*** Exercise data ***
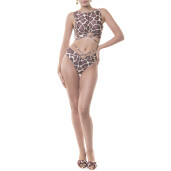 Costum baie 2 piese, bustiera cerc cret cu snur si bikini brazilian cerc cret talie si snur, Safari Vibe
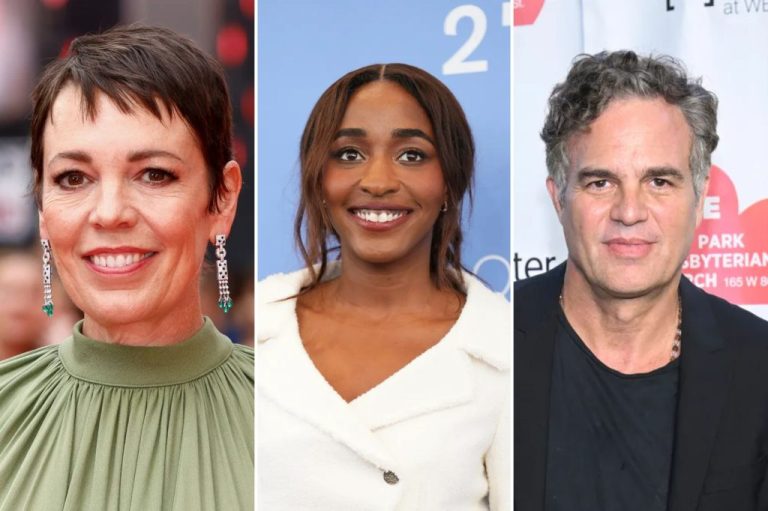 Actors Olivia Colman, Ayo Edebiri, and Mark Ruffalo.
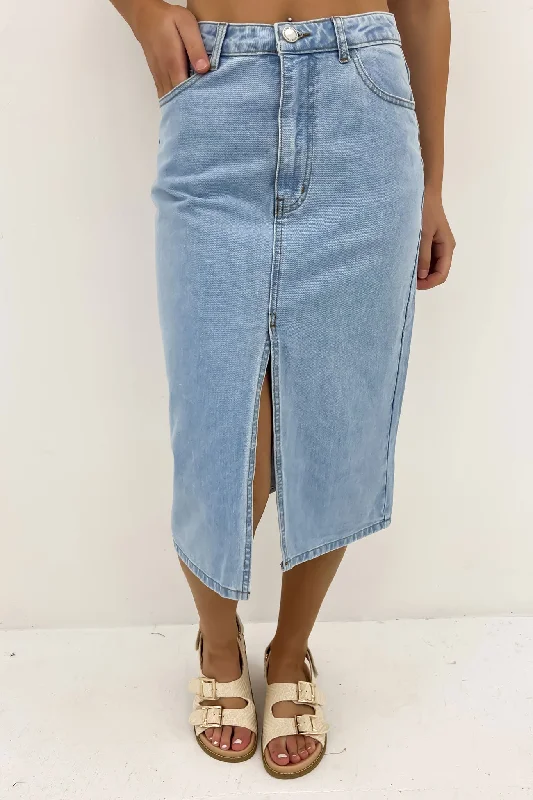 Nate Denim Midi Skirt Light Blue corduroy skirt textured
*** End of Exercise data ***
What the task asks: Would you repeat the material exactly, keeping out any pictures?

Result of this exercise:
 Costum baie 2 piese, bustiera cerc cret cu snur si bikini brazilian cerc cret talie si snur, Safari Vibe
 Actors Olivia Colman, Ayo Edebiri, and Mark Ruffalo.
 Nate Denim Midi Skirt Light Blue corduroy skirt textured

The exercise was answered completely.